Es gilt: Nicht zum alten Normal zurückkehren, sondern das neue Normal definieren.
Eine positive Erkenntnis aus der Krise ist, dass wir unser Tun blitzschnell um 180 Grad drehen können. Nehmen wir als Beispiel die To-do-Liste, für viele ein fester Bestandteil ihres Arbeitsalltags. Doch war sie nicht auch eine Bremse für Veränderungen und neue Ideen? Lasst uns die revolutionäre Kraft von Corona dazu nutzen, eine Not-to-do-Liste aufzustellen.
Eine solche Nicht-machen-Liste ist das perfekte Instrument für Menschen, die stets »zu viel zu tun« und dauerhaft »keine Zeit« haben. Die Zeitersparnis beginnt schon mit dem Wesen dieser Liste, die man – anders als die To-do-Liste – nicht täglich aktualisiert, sondern einmal erstellt.

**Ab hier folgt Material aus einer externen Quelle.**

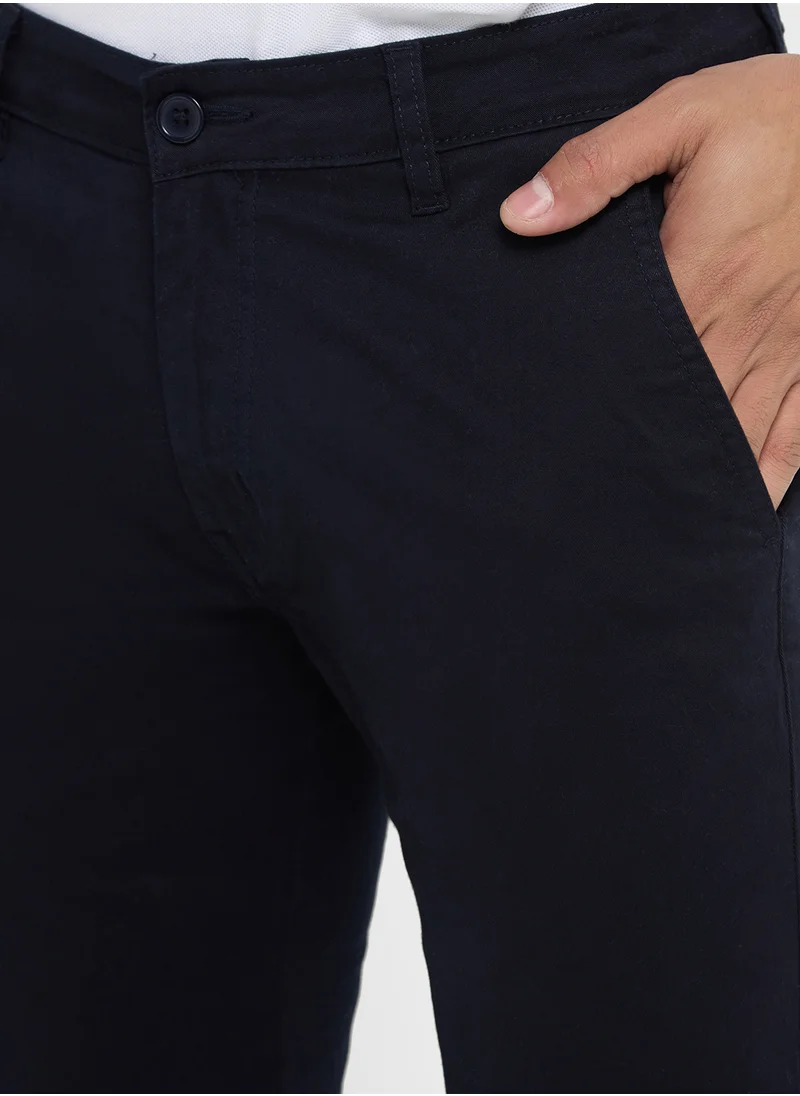 روبرت وود Straight Fit Chino Pants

Auf die Not-to-do-Liste gehören Verhaltensweisen, die ich abschalten möchte (was selbstverständlich auch schrittweise passieren darf), Dinge, die Zeit rauben oder Energie kosten:
• sich unentwegt von E-Mails unterbrechen lassen,
• Entscheidungen vor sich herschieben und nicht sofort treffen,
• alles selbst machen, statt einiges zu delegieren,
• in der Mittagspause durcharbeiten,
• mehr als drei Meetings am Tag.
Sortiert jetzt eure Gepflogenheiten neu. Sortieren bedeutet differenzieren – die Vorstufe des Entscheidens. Trefft dann eure Entscheidungen. Entscheiden heißt selbst bestimmen, was uns Menschen glücklich und erfolgreich macht.

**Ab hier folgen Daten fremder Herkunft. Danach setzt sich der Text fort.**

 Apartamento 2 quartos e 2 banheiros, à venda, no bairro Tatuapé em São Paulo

Damit eine solche Liste Erfolg zeitigt, hilft eine Maxime des Verhaltensforschers Konrad Lorenz, die auch beim Management von Teams Wunder wirkt: »Gesagt ist nicht gehört, gehört ist nicht verstanden, verstanden ist nicht einverstanden, einverstanden ist nicht angewendet, angewendet ist nicht beibehalten.« Mit anderen Worten: Vom Erstellen einer Liste (gesagt) bis zu deren erfolgreicher Umsetzung (beibehalten) sind vier weitere Stufen zu bewältigen.

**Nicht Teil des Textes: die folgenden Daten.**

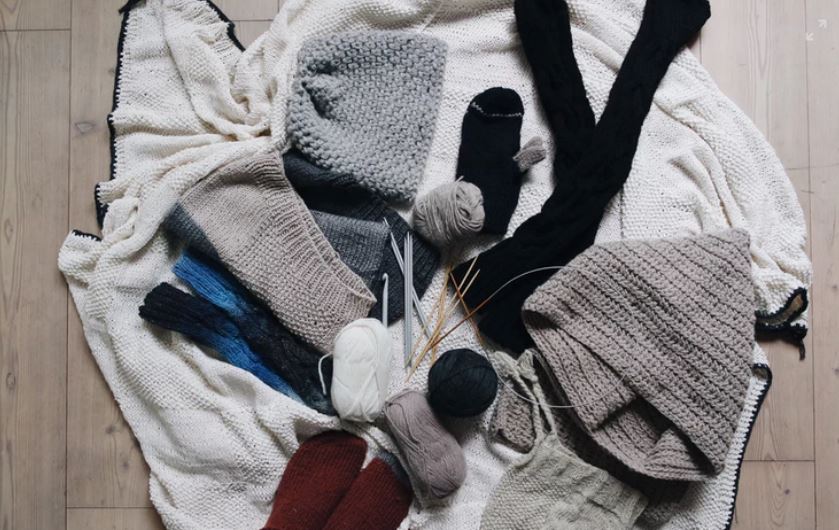 fabrics to keep you warm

Als drittes Tool für den Neuanfang nach Corona empfehle ich das Pareto-Prinzip, vor gut hundert Jahren vom italienischen Ökonomen Vilfredo Pareto entdeckt. Es besagt, dass sich viele Aufgaben bereits zu 80 Prozent lösen lassen, wenn man nur 20 statt 80 oder mehr Prozent Zeit und Energie auf sie verwendet. Entwickler und Projektmanager nutzen diese Regel, um wichtige Arbeitspakete zu erkennen, Prioritäten zu setzen und schnelle Fortschritte bei relativ guten Ergebnissen zu erzielen.
Die wichtigste Lehre aus der Krise, die wir dauerhaft annehmen sollten: die Dinge neu sortieren, anstatt sie so laufen zu lassen wie vor Corona. In den vergangenen vier Monaten diktierte die normative Kraft des Faktischen unser Leben. Jetzt ist der Augenblick gekommen, eigene Entscheidungen zu treffen. Nutzt ihn! Ihr müsst es sowieso. Trefft sie klug!